The "user recv qp" approach is proposed to address the deficits above.
When zero-copy recv is enabled, an EP creates an additional QP to post user receive buffers. This QP expects to get packets delivered to user buffers without any headers. The default QP is still used to receive the packets with headers. The user receive QP and default QP share the same AH but differ in QPN and QKEY. Only the default QP is exposed by fi_getname and inserted to AV.
This mode bit is interpreted as an extra feature for both senders and receivers, and an extra request from receivers. For senders, it means senders can send packets to receivers' user recv QP for optimized performance. For receivers, it means receivers support getting packets that carries application data delivered to the user recv QP, and receivers only allow getting such packets delivered to the user recv QP.
When the mode bit is turned on, a sender triggers a handshake (via a REQ) with the receiver before it does any real data transfer. The receiver includes the qpn and qkey of the user receive QP as an optional header in the handshake packet and sends back to the sender. Upon getting a handshake, the sender checks whether the receiver supports such extra feature. If the receiver supports it, sender will then send packets with user data to the user recv qp. Because there is no ordering or tagging requirement, and the receiver already knows the sender, sender can send packets without any headers in the payload. If the receiver doesn't support this extra feature, the sender will continue send packets with headers to the receiver's default QP.
On the receiver side, it will post the user recv buffer to the user recv QP directly when the user calls fi_recv(). Currently such receive cannot be cancelled and fi_cancel() is not supported in zero-copy receive mode. If a receiver gets RTM packets delivered to its default QP, it raises an error because it requests all RTM packets must be delivered to its user recv QP.
The purpose of this document is to define the communication protocol. Therefore, it is intentionally written as "implementation neutral". It should be possible to rewrite a libfabric EFA provider from scratch by following this document, and the newly written EFA provider should be able to interoperate with any libfabric EFA provider implementation since libfabric 1.10.0.
Because of this, in various places, the document provides tips on how to implement certain aspects of the protocol while not giving specific instruction about what an implementation should do.
There are a few things that this document considers as implementation specific and is not covered.
For example, this document does not specify the selection logic of various protocols. There are three message subprotocols (medium message, long-CTS message, and long-read message) that can be used for long messages, and an implementation can choose an appropriate switch point without breaking protocol.

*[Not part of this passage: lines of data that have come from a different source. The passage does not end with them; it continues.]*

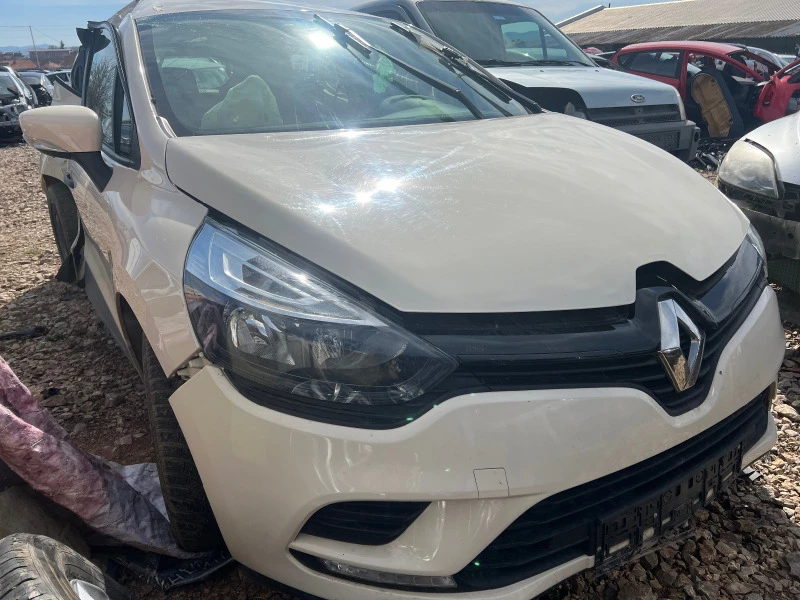 Renault Clio 1.2i, снимка 2 - Автомобили и джипове - 40129684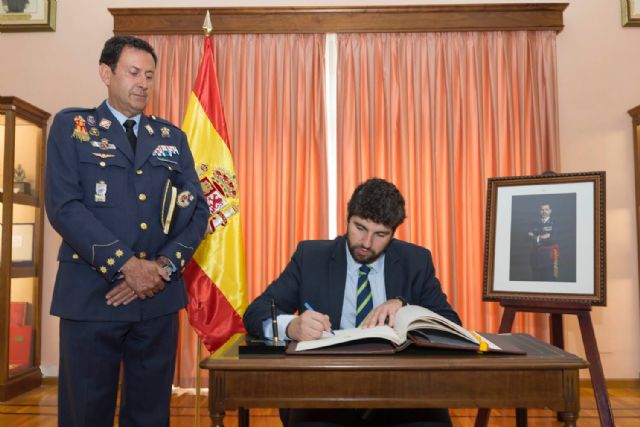 Fernando López Miras realiza una visita a las instalaciones de la Academia General del Aire de San Javier - 2, Foto 2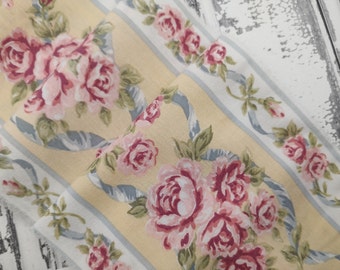 Collectible vintage fabric - Lovely rose floral trim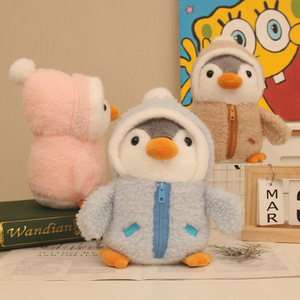 Peluche de Pingüino <span class=keywords><strong>Princesa</strong></span>, Almohada de Peluche con Carga USB, Diseño Bordado, Peluche Súper Suave para Regalo de Aniversario Unisex - Product Image 3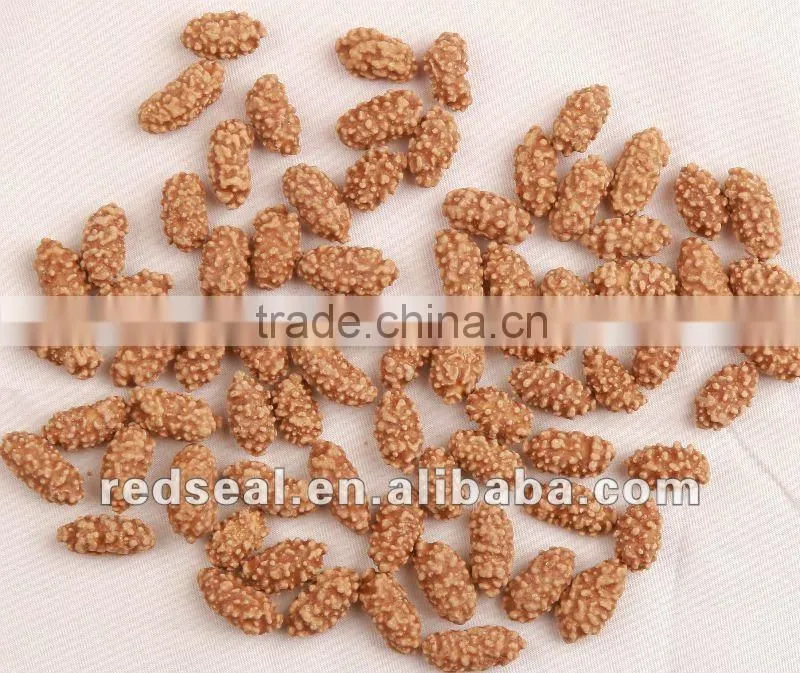 Soft cajun flavor coated peanuts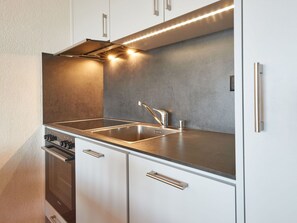 Robinet, Cabinetry, Comptoir, Evier, Évier, Luminaire Plomberie, Cuisinière, Bâtiment, Bois, Cuisine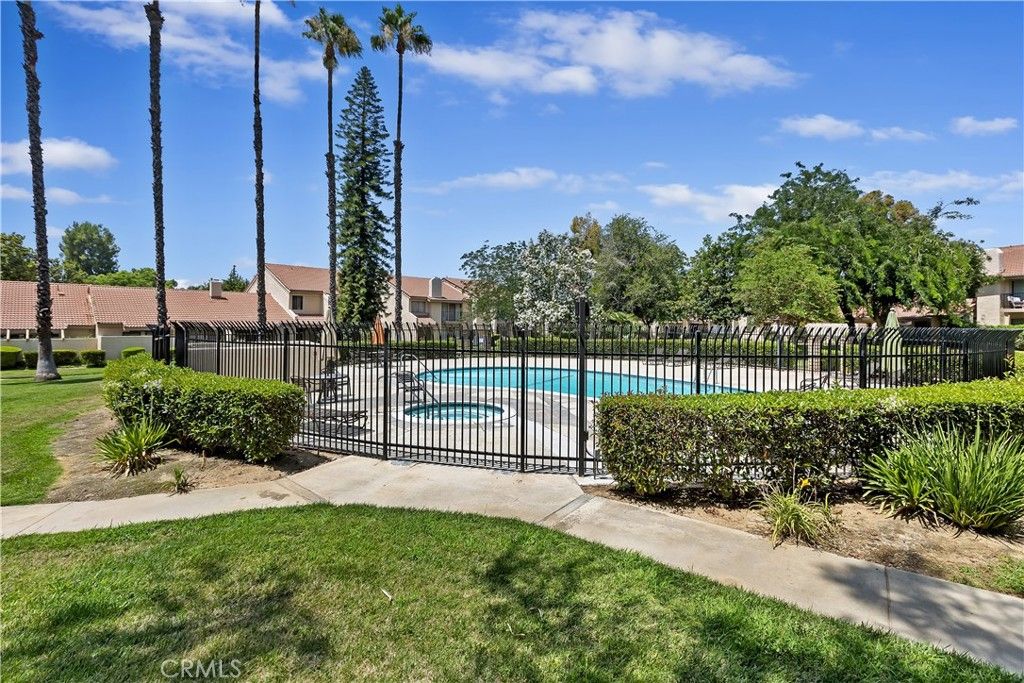 listing image 130724043129857664809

On a similar note, this document does not describe the shared memory (SHM) implementation of the EFA provider, which is an optimization technique an endpoint can use to speed up intra-instance communication. The idea is that if two endpoints are on same instance and opened by same user, they can use the SHM mechanism on the instance to communicate, taking advantage of shared memory's higher bandwidth and lower latency. It is not covered in this document because the EFA device is not used. Also, because two endpoints are opened on the same instance by the same user, they should be using the same libfabric library, thus negating any concerns of backward compatibility in this case.